Take the entries that follow and return exactly the lines from the one holding "fotelik, nosidełko Britax" through the one holding "White lace flower", both included. Nothing else is needed.

## [Data shown]

+++

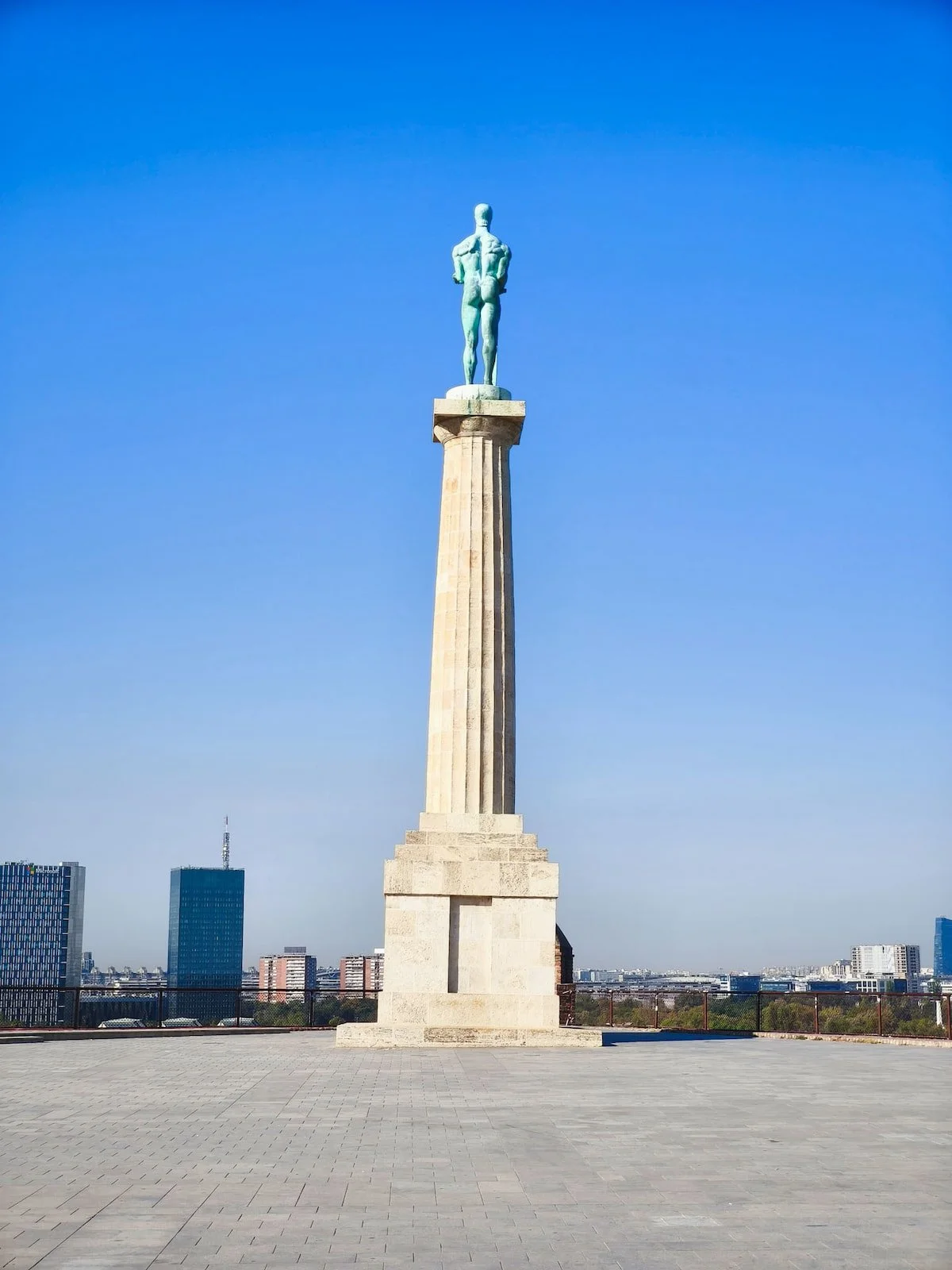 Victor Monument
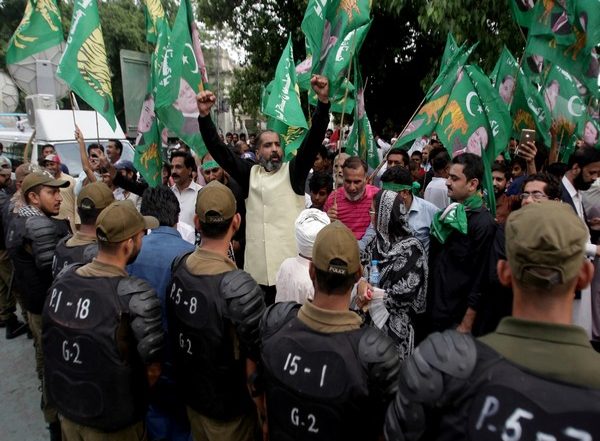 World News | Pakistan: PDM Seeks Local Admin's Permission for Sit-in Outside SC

+++

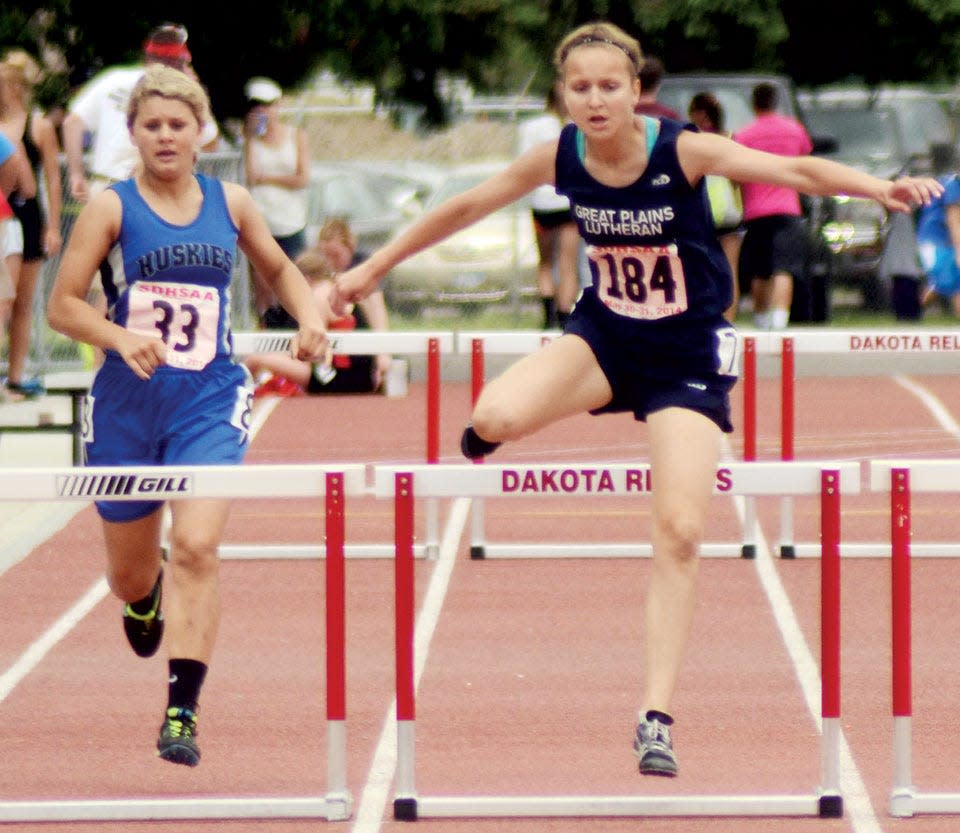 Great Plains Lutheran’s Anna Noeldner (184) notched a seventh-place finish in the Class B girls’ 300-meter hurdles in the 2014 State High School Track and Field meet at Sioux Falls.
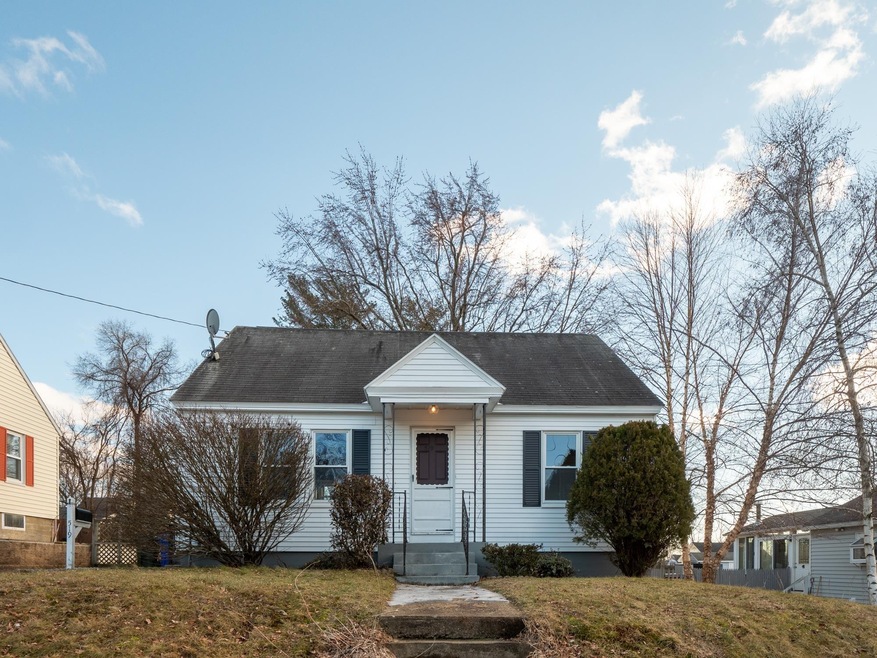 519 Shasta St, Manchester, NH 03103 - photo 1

+++

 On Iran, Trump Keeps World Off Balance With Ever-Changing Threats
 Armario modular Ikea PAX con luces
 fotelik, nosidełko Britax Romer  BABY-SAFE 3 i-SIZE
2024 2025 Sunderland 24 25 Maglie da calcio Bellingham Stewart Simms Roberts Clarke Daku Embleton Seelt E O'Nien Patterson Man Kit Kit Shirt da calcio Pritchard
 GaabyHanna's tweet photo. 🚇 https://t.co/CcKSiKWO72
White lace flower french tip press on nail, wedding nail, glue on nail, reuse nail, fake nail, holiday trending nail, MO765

+++

## [Expected answer]
 fotelik, nosidełko Britax Romer  BABY-SAFE 3 i-SIZE
2024 2025 Sunderland 24 25 Maglie da calcio Bellingham Stewart Simms Roberts Clarke Daku Embleton Seelt E O'Nien Patterson Man Kit Kit Shirt da calcio Pritchard
 GaabyHanna's tweet photo. 🚇 https://t.co/CcKSiKWO72
White lace flower french tip press on nail, wedding nail, glue on nail, reuse nail, fake nail, holiday trending nail, MO765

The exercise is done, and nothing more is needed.